ラストには、サニーデイ・サービスというバンドを象徴するナンバー「青春狂走曲」が披露された。
「そっちはどうだいうまくやってるかい こっちはこうさどうにもならんよ 今んとこはまあそんな感じなんだ」という歌詞が、まるで晴茂さんに歌われているようだった。
最後の最後まで、晴茂さんの事には触れられなかったこのライブだったけれど、このライブは間違いなく彼のための夜だった。


この夜は、まさに愛と笑いに溢れた夜だった。

代表曲は控えめに、普段滅多にプレイされない楽曲も多く取り入れられたライブだった。
中でも「テーマ」や「PINK MOON」、「果実」といった選曲に感動した。

このライブを観れたことを、本当に嬉しく思う。
開場前にエレキコミックやつい氏にも一瞬会えたので良かったな。


28日には、渋谷クラブクアトロで追加公演 "1994"が行われた。
こちらのライブは足を運ぶことが出来なかったが、9人編成ライブとは対照的にサニーデイ・サービス正規メンバー2人によるライブとなった。

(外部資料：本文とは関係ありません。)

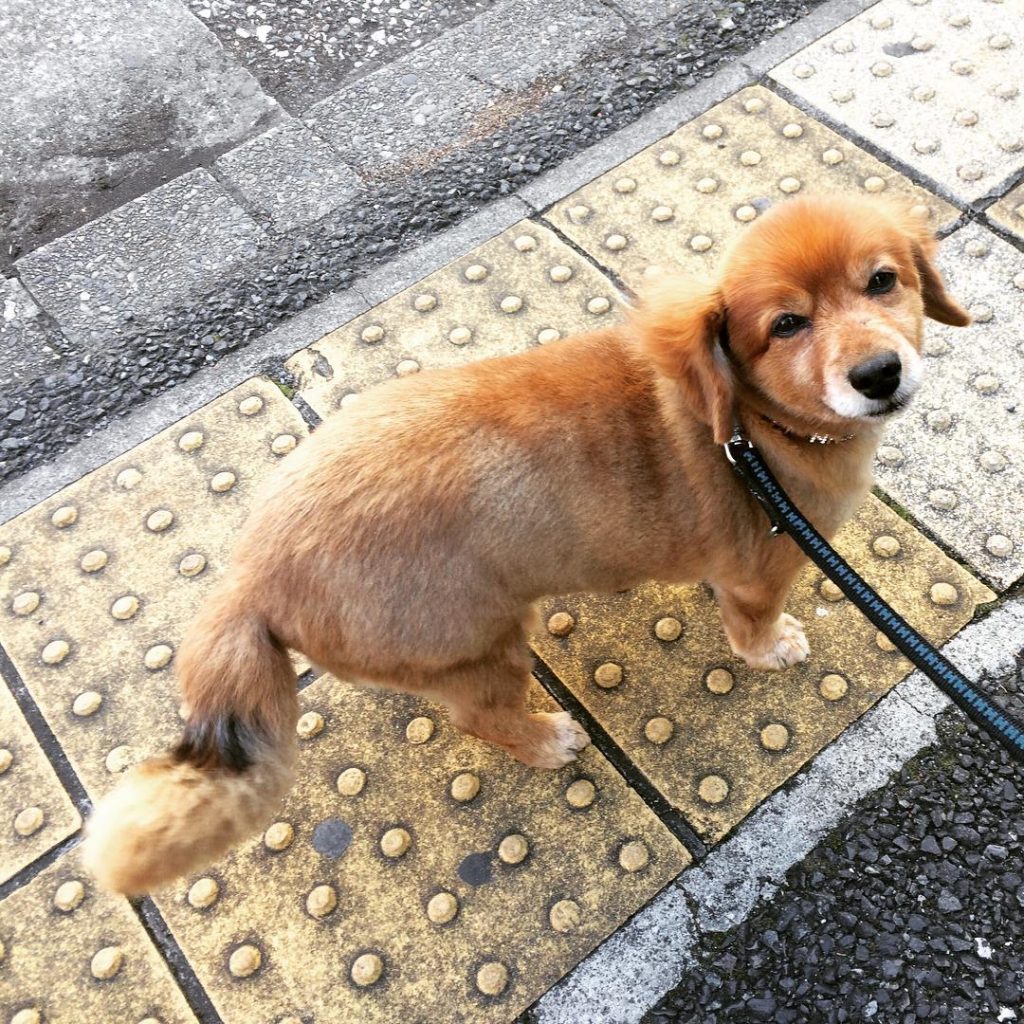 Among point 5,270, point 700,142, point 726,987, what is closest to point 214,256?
point 5,270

こちらでは晴茂さんに哀悼の意を表し、献花台がロビー外に設置された。
花に溢れる献花台の写真を見て、サニーデイ・サービスというバンドが、そしてドラマー丸山晴茂が、どれだけ愛されていた存在かが改めて分かった。

26曲・2時間半に及んだ9人編成ライブを超える、36曲・3時間に及ぶかなりのライブとなったようだ。
セットリストは過去と現在が入り混じるものとなっており、「日曜日の恋人たち」といった珍しい楽曲も披露された(個人的に一番聴きたかった!)

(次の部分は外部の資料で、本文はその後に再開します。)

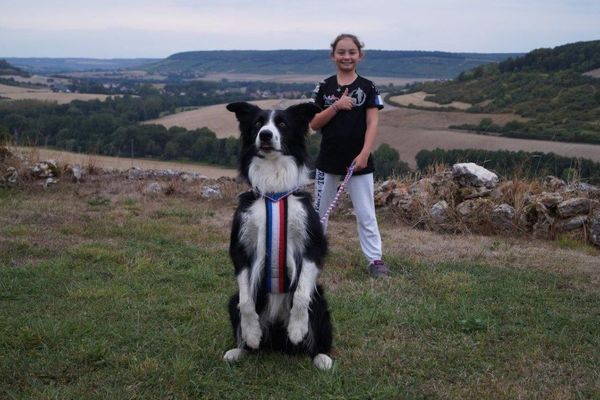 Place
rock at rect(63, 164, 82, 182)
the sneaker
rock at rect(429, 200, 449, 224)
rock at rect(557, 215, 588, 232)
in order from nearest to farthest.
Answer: the sneaker < rock at rect(557, 215, 588, 232) < rock at rect(429, 200, 449, 224) < rock at rect(63, 164, 82, 182)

サニーデイ・サービスは、来年1月のライブをもって活動を少しおやすみする、とのことだ。
一年間制作に集中するとのことだから、また途轍もない作品が生まれることだろう。

サニーデイ・サービスは、今でも三人だ。
永遠のスリーピース・バンド。

サニーデイ・サービスよ、永遠に。